Ive been looking around but without much success, and mainly finding scales.

Wondering where you guys get your mammoth molar and musk ox blocks, for japanese wa style handles?
Not to mention the price I've found seem really expensive. I can practically buy my own tooth for the price of some scales I've seen and part it out for a profit.


----------



## kalaeb (Oct 7, 2012)

I have seen some musk ox at Jantz. Randy Haas sometimes has some mammoth molar he may part with. He was working with some different stabilization techniques with it a few months ago, I think he sold most of it, but, it would not hurt to shoot him a pm, his tag is HHH Knives.


----------



## wsfarrell (Oct 7, 2012)

There's a guy called "Miles of Alaska" who has a large supply of mammoth ivory and musk ox. He says on his web page "I'm not easy to order from", and I would agree.

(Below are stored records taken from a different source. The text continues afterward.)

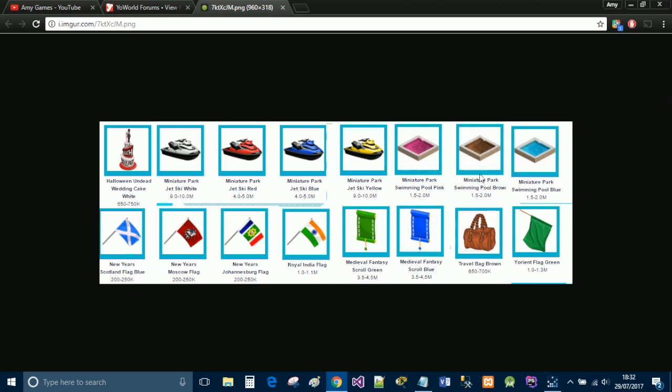You may think to yourself well if they're paying millions over I'm going to go ahead and sell them this brown miniature park pool for 10 million coins because that guide says 1.5 to 2 million and they go yeah let's take the deal, I'll trade you now, give you 10 million coins. You think you're getting a bargain but in actual fact these people are ripping you off because they're buying these items purely to resell.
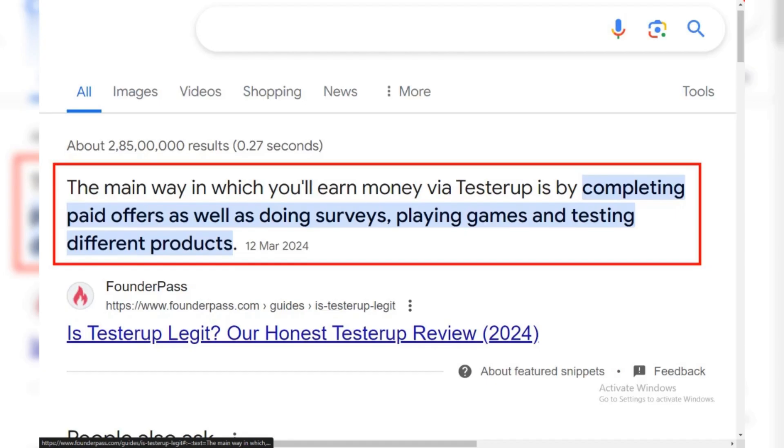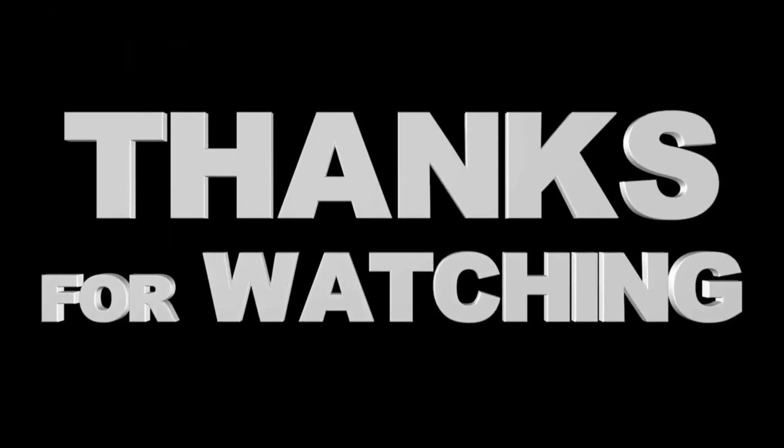That's all it takes. With a few taps, you've successfully withdrawn your money from TesterUp. We'll see you on the next one — thanks for watching.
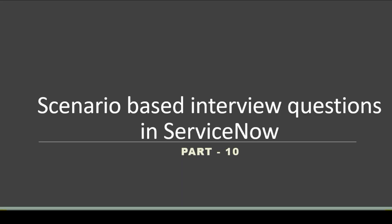Hello friends, welcome to the ServiceNow World. Today we'll see part 10 of scenario-based interview questions in ServiceNow. In this series, we are discussing all the real-time scenarios which are given by interviewers during the interview.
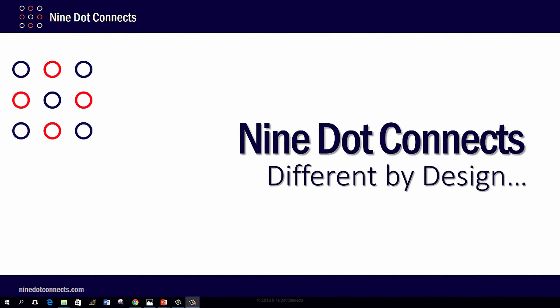Thank you very much for joining me here today. This is a brief overview of the PCB fundamentals class that we here at Nine Dot Connects have put together.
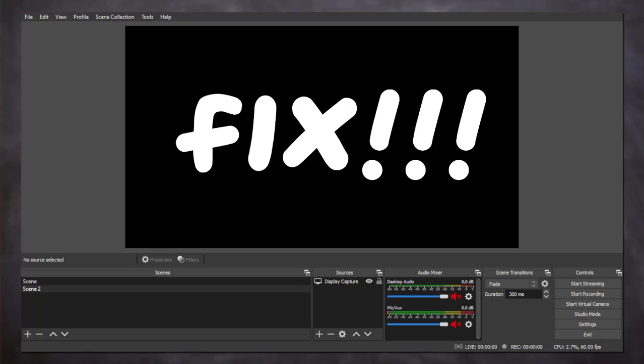Hi guys, this is Daniel from FND. In this video I'm going to show you how to fix black screen display capture in OBS. So let's get started.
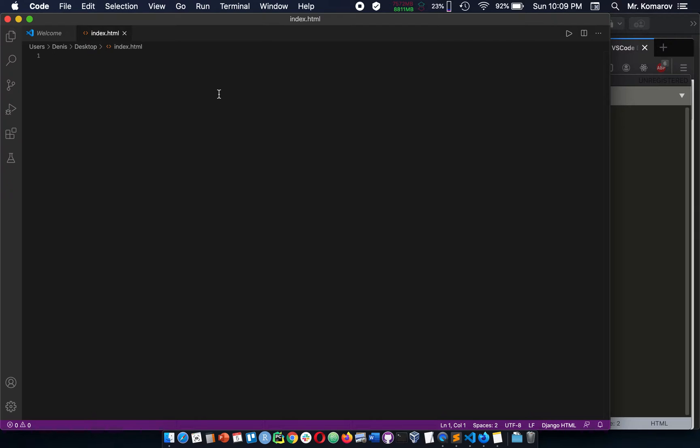Basically, what it is, is if you're typing like your exclamation tab and it's not working, which is the normal shortcut, then you're not getting any boilerplate.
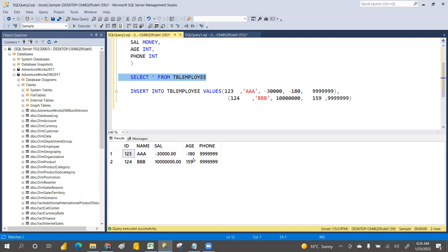We have to specify some rules on these attributes — column names or table names — to maintain business integrity. Suppose if you do some transactions, a user should not withdraw more than three times per day. Also, if you want to create a password, it should be minimum eight characters with special characters and uppercase. These conditions are called constraints — that is the reason this concept came.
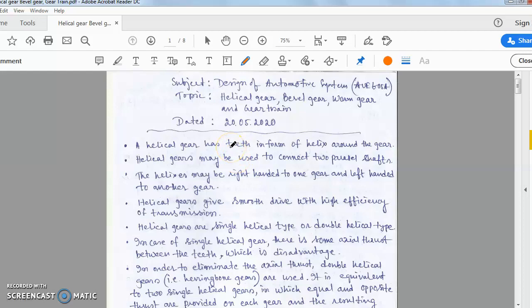Hello students. Today I shall cover the last part of the video chapter, covering helical gear, bevel gear, a few parts of worm gear, and most importantly, the gear train.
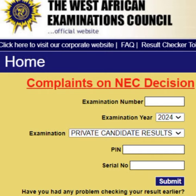4. Select Exams: 2024. 5. Click on Check Result. Please share!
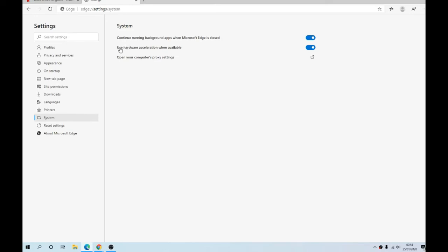Go to 'Use hardware acceleration when available' and make sure this is blue. If it's not, that means it's turned off. To turn it on, simply toggle the button. You will then be asked to restart — just restart the Edge Chromium browser. Once you've done that, Netflix will work, and that's it. It's as simple as that guys — get this turned on and start watching Netflix again. Thanks for watching and I will see you in the next video.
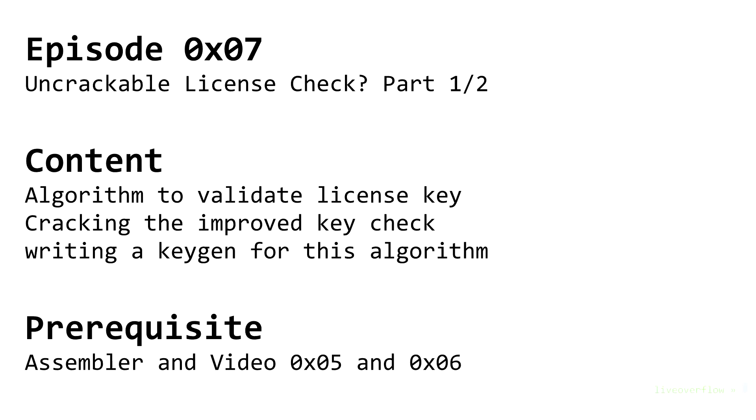Let's say you work for a company and your manager is mad that there are pirated versions of your product out there. He tells you to secure their intellectual property and make the program uncrackable. Is that even possible?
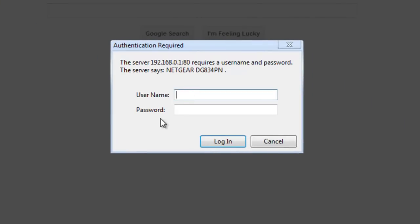Your router's now going to ask for the username and password to access it. If you've changed that, obviously you're going to know it. If you haven't, you can usually find it on the bottom of the router or in the documentation that came with the router. You'll usually find usernames, admin, and whatever the password is, depending on the router that you're using.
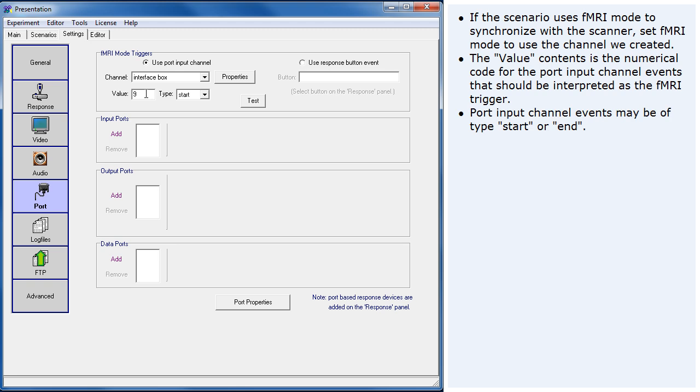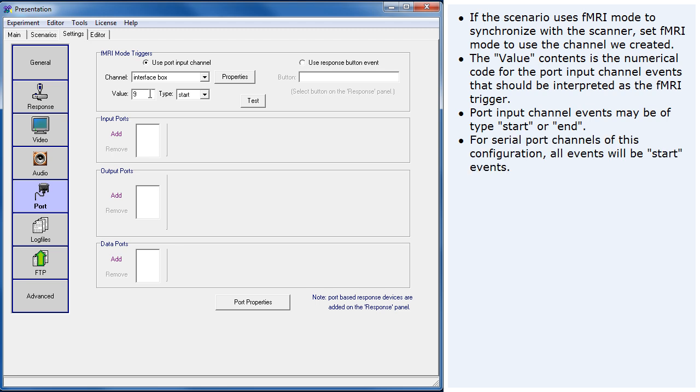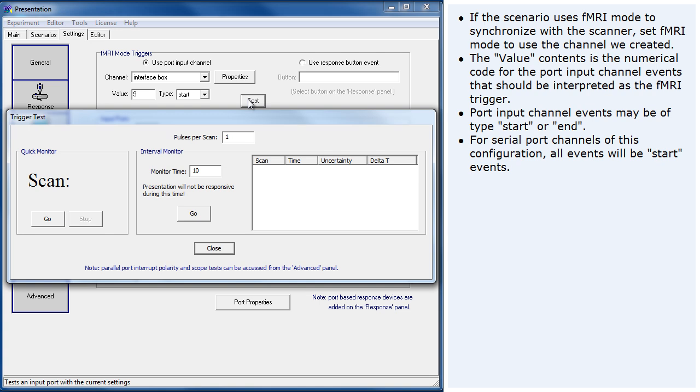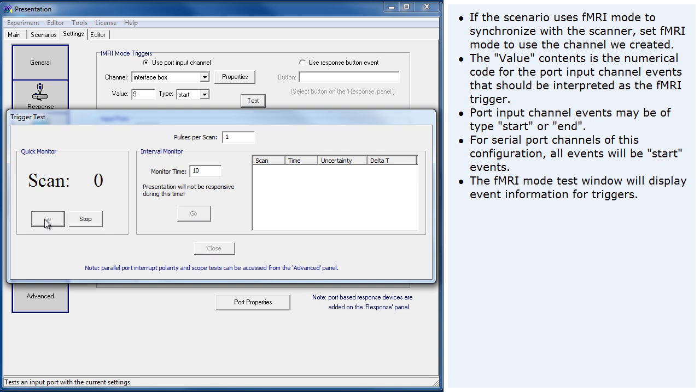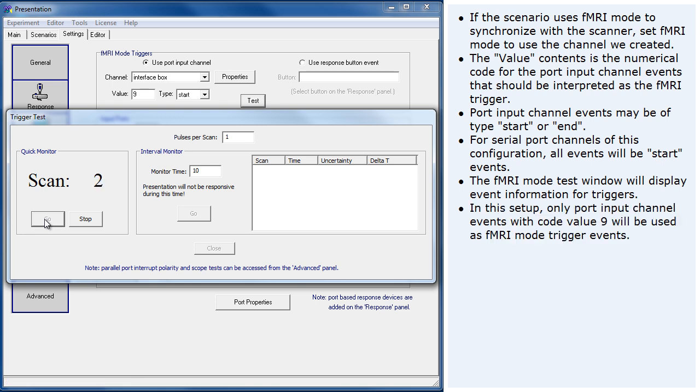Port input channel events may be of type start or end. For serial port channels of this configuration, all events will be start events. The fMRI mode test window will display event information for triggers. In this setup, only port input channel events with code value 9 will be used as fMRI mode trigger events.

http://www.milesofalaska.net/knife_Materials/


----------



## Candlejack (Oct 8, 2012)

wsfarrell said:


> There's a guy called "Miles of Alaska" who has a large supply of mammoth ivory and musk ox. He says on his web page "I'm not easy to order from", and I would agree.
> 
> http://www.milesofalaska.net/knife_Materials/



Oh god the design of his homepage <3


----------



## jmforge (Oct 11, 2012)

There are a couple of guys from Alaska who sell both on the various forums.


----------



## Burl Source (Oct 13, 2012)

Cutting a whole mammoth tooth is something people usually only do once.
Getting the tooth is the easy part, then........ I don't want to spoil the ending.
There is a good reason why it is expensive.


----------